Vivek Shraya says she used to love shopping, but now hates it. It reminds her that she either dresses the way she wants and worries about incurring violence, or she erases her identity.
A Toronto-based artist, Shraya was one of three panelists who discussed trans inclusion in clothing design and fashion on Nov. 21 as part of several events held for Trans Awareness Month.
Shraya spoke alongside Jalisa Luces-Mendes, a Ryerson graduate and founder of Toni Marlow Clothing, and Jack Jackson, owner and founder of alljackedup and the Ties to Love campaign. As a trans woman, Shraya addressed the challenges of fashion and the innovations and creativity trans awareness has inspired.
Shraya elaborated on the challenge she faces in retail stores packed with clothing designed mostly for cisgender women (women who identify with the gender they were assigned at birth.)
Shraya feels like clothing options in larger sizes are very limited.

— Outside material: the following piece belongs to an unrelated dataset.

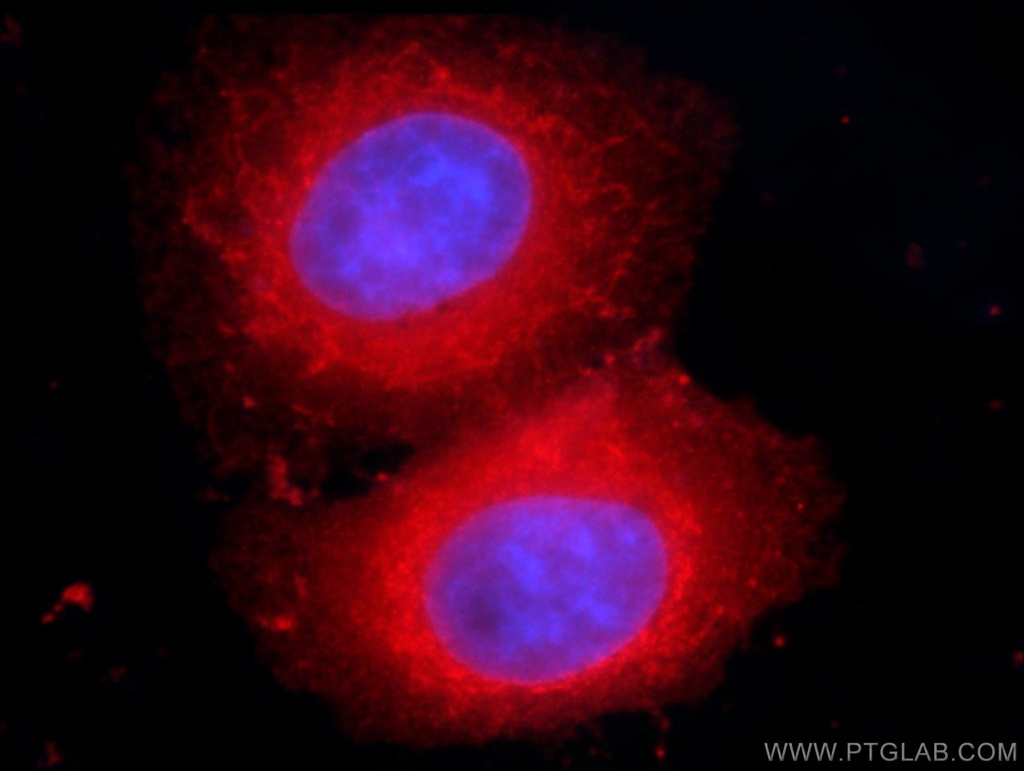 VAPB Monoclonal antibody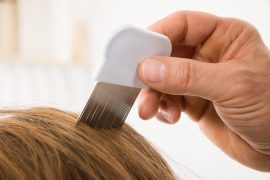 how to get rid of nits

“So much of large clothing is about detracting from the body, so colour is immediately gone,” explained Shraya. “As soon as you go into anything beyond size 14, everything becomes black or grey.”
She added that the problem isn’t exclusive to trans women, and that “it’s about hiding the body as opposed to celebrating the body.”
Yet representing herself the way she wants presents her with a dilemma.
“I can choose to present myself the way I want to, (which would) involve a bare minimum of staring. It seems harmless, but when you go on public transport and every second people are just staring at you, it can feel quite harmful.”
Shraya is also concerned with verbal and physical abuse everyday.
“[The] first thing I think about when I wake up is safety,” she said.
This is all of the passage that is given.